Meghan Markle has released the third episode of her brand new podcast Confessions of a Female Founder and it sees her in conversation with celebrity hair colourist Kadi Lee, the co-founder of the Highbrow Hippie salon and haircare brand

Meghan Markle has spoken out on why she decided to change the name of her lifestyle brand, saying the old name became ‘word salad’. In the latest episode of her new podcast Confessions of a Female Founder, the Duchess of Sussex chats to celebrity hair colourist Kadi Lee, who is also a good friend of Meghan’s.

Kadi has co-founded the salon and haircare brand Highbrow Hippie – and the pair chatted about picking an all important name for a business. Over a year ago, Meghan originally introduced her lifestyle brand with the name American Riviera Orchard, launching both a website and an Instagram account for it. However, earlier this year, she made a dramatic U-turn and announced the brand would now be called As Ever.

Meghan had faced setbacks trying to trademark the American Riviera Orchard name. However, in the latest podcast she tells Kadi that she “didn’t love” the previous name when it became “word salad”.

She explained: “I had secured As Ever as a name in 2022, and then as everything started to evolve last year, and bringing in a partner the size that it was, it was just so interesting. You remember, I said, ‘I like American Riviera as an umbrella,’ and then be able to have verticals beneath it.

“And maybe have the ‘Orchard’ really small. But when that’s not feasible, suddenly it became this word salad. I didn’t love that so much. “I was like, ‘OK, let’s go back to the thing that I’ve always loved. Let’s use the name that I protected for a reason that had sort of been under wraps’.

“And then we were able to focus in the quiet and put our heads down and build on something that no one was sniffing around to even see about. It was really just helpful to have that quiet period.”

Meghan revealed the change to her business name earlier this year in an Instagram video: “Last year, I had thought ‘You know what, American Riviera, that sounds like such a great name, it’s my neighbourhood, it’s a nickname for Santa Barbara’, but it limited me to things that were just manufactured and grown in this area. Then Netflix came on, not just as my partner in the show, but as my partner in my business, which was huge.”

Elsewhere in the episode, Meghan also described how she first met her pal Kadi, who has coloured the hair of the likes of Julia Roberts, five years ago after she suffered a disaster using a shop bought box hair dye.
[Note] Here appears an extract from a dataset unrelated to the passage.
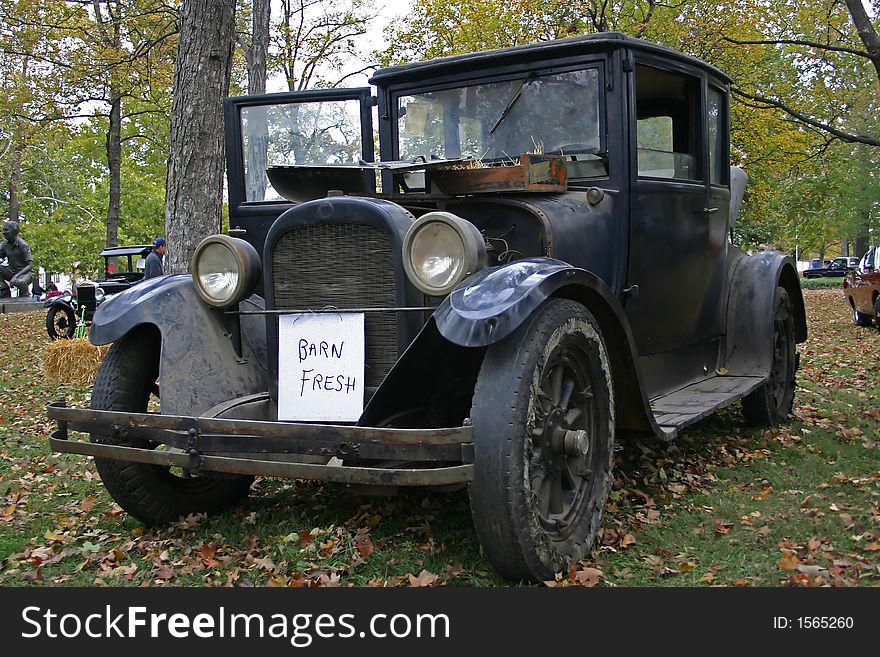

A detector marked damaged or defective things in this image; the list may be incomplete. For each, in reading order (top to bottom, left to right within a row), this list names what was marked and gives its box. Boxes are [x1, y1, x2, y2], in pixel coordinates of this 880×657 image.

rusty metal surface [48, 434, 470, 484]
She revealed she had just moved to California during the pandemic and had been attempting to colour her hair at home – but she did not get the result she desired.

She confessed: “I texted Serge [the hairdresser who styled Meghan’s hair on her wedding day] and he said you need to see Kadi – and you came over.”

Meghan has already released two previous episodes of her new eight-part podcast with Lemonada Media, which promises “girl talk” and advice on how to create “billion-dollar businesses”. It follows the duchess’s much-criticised Netflix lifestyle series With Love, Meghan and her new brand As Ever, which sold out of its first batch of raspberry spread, flower sprinkles and herbal tea.

In th first episode, she chatted to Whitney Wolfe Herd, the founder of the dating app Bumble. During the chat, Meghan talked about her experiences of being a mum and revealed she suffered from a ‘huge medical scare’ after giving birth. She explained: “We both had very similar experiences — though we didn’t know each other at the time — with postpartum, and we both had preeclampsia. Postpartum preeclampsia. It’s so rare and so scary.

Meghan added: “And you’re still trying to juggle all of these things, and the world doesn’t know what’s happening quietly. And in the quiet, you’re still trying to show up for people – mostly for your children — but those things are huge medical scares.” Whitney replied: “I mean life or death, truly.” Postpartum preeclampsia is a rare condition that causes high blood pressure after birth.

Meanwhile, last week, Meghan spoke to Reshma Saujani, founder of the not-for-profit Girls Who Code, where she touched on her experience of miscarriage and having to “let something go that you plan to love for a long time”. Meghan had a miscarriage in July 2020, when her eldest child Archie was one, revealing her heartbreak in an article for The New York Times later that year.

The duchess told Ms Saujani, who faced a series of miscarriages due to an autoimmune disease: “The miscarriages that you’ve experienced. I’ve spoken about the miscarriage that we experienced. And I think, in some parallel way, when you have to learn to detach from the thing that you have so much promise and hope for, and to be able to be OK at a certain point to let something go, something go that you plan to love for a long time.”